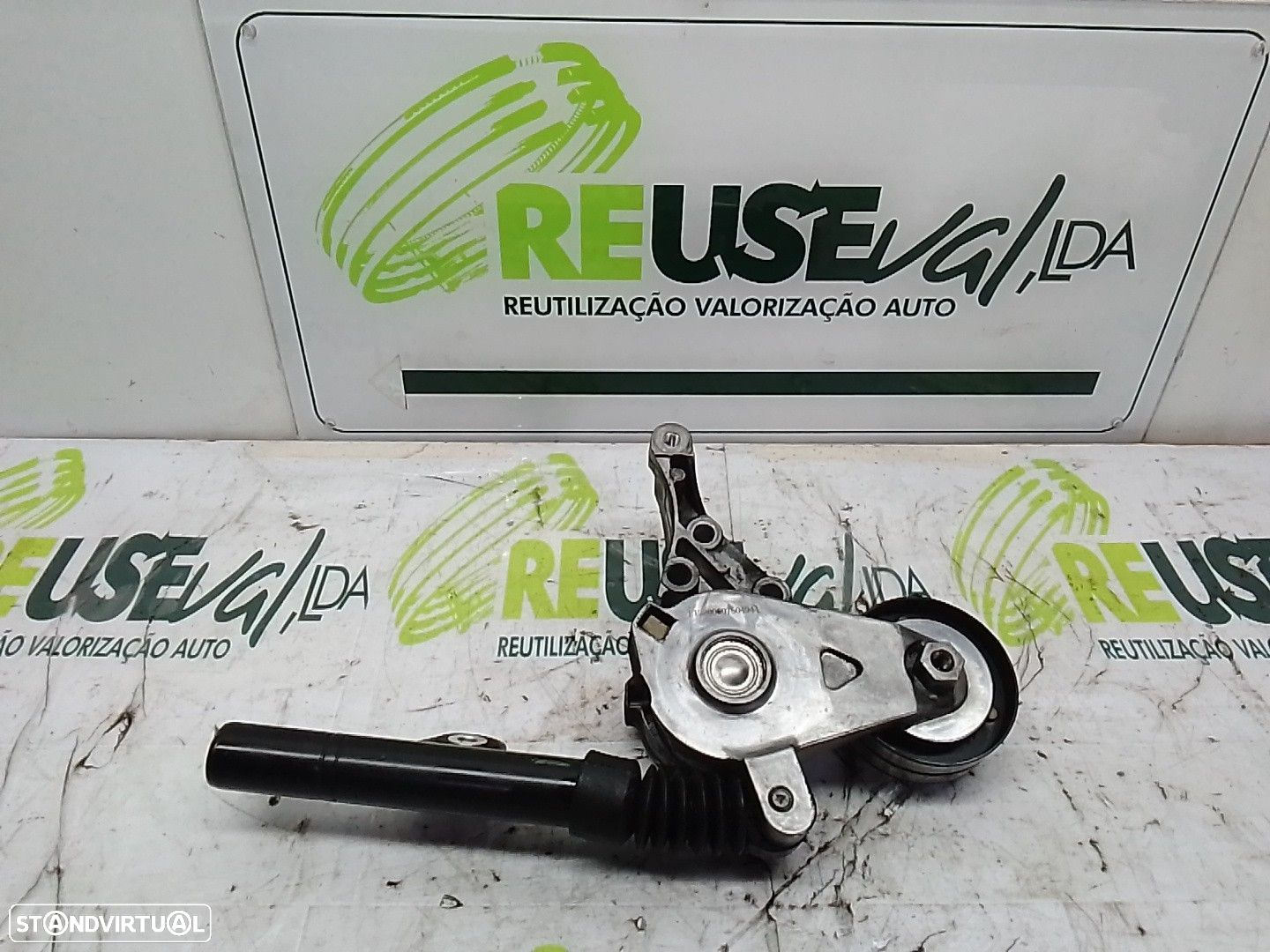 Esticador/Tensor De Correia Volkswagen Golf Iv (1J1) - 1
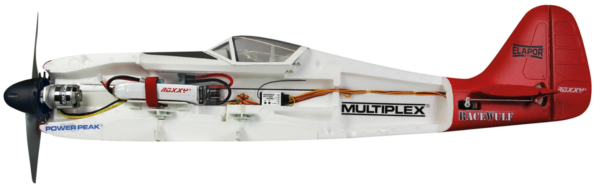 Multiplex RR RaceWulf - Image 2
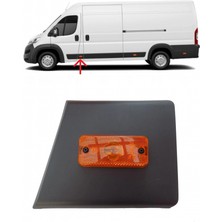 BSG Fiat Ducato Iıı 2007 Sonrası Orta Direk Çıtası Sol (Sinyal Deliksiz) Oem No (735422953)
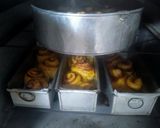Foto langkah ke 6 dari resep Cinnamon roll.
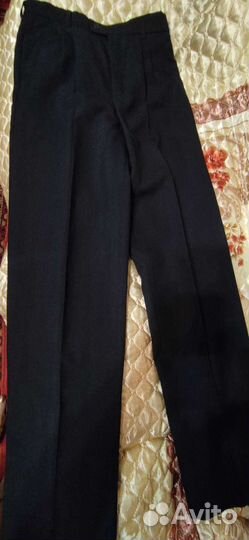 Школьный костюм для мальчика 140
★ ★ ★ ★ ★
▶ _Work to complete_
Please write out the lines above exactly, from the one that contains "Multiplex RR RaceWulf - Image 2" through the final line, and include none of the pictures.

▶ _Output for this exercise_
 Multiplex RR RaceWulf - Image 2
 BSG Fiat Ducato Iıı 2007 Sonrası Orta Direk Çıtası Sol (Sinyal Deliksiz) Oem No (735422953)
Foto langkah ke 6 dari resep Cinnamon roll.
 Школьный костюм для мальчика 140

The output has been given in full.